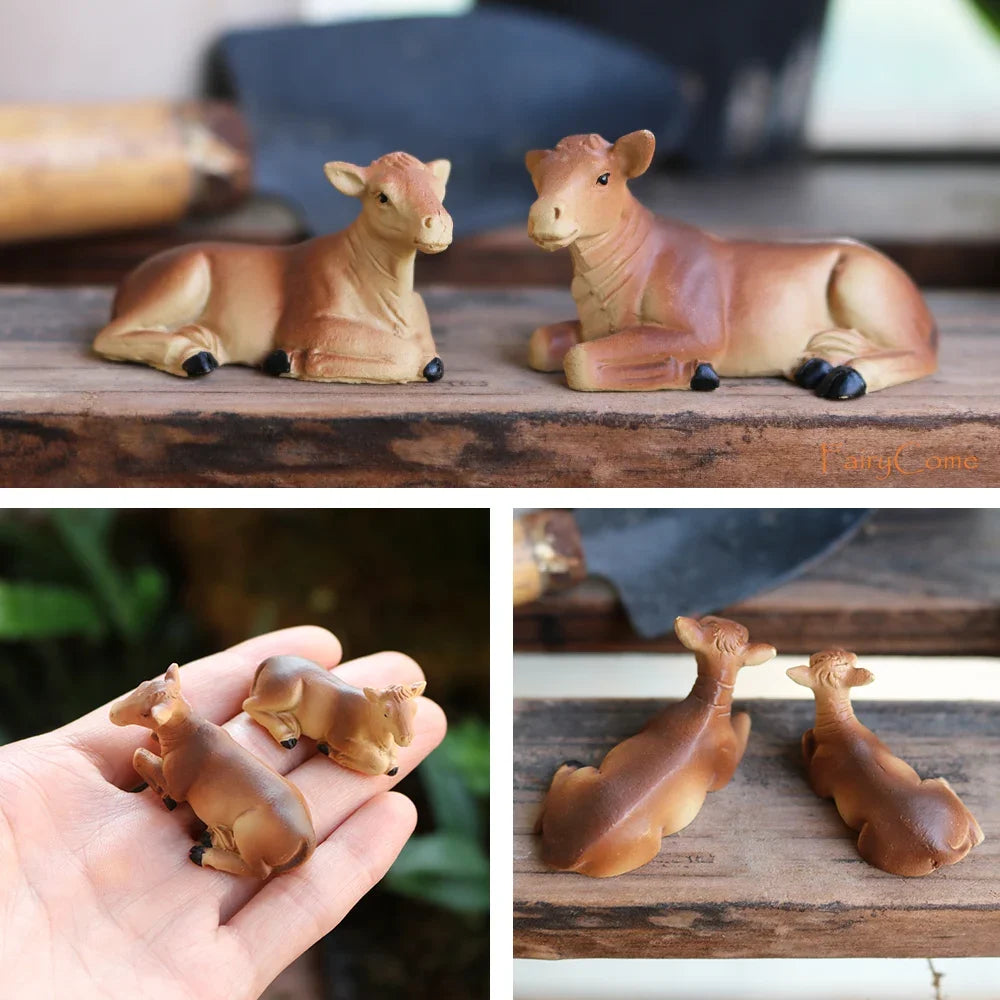Mini Fairy Garden Figurines – Resin Fairy Statue Garden Decor
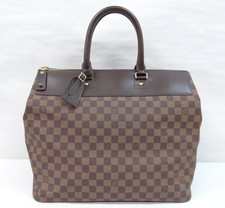 LOUIS VUITTON Damier Ebene Boston Bag Greenwich PM Tote Hand Bag N41165 Brown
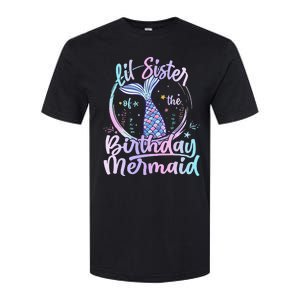 Lil Sister Of The Birthday Mermaid Matching Family Softstyle CVC T-Shirt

-.-.-

# Problem requirements:
Find the line with "LOUIS VUITTON Damier". Reproduce it and every line after it through the last line above exactly, leaving out the pictures.

# Solution for this exercise:
 LOUIS VUITTON Damier Ebene Boston Bag Greenwich PM Tote Hand Bag N41165 Brown
 Lil Sister Of The Birthday Mermaid Matching Family Softstyle CVC T-Shirt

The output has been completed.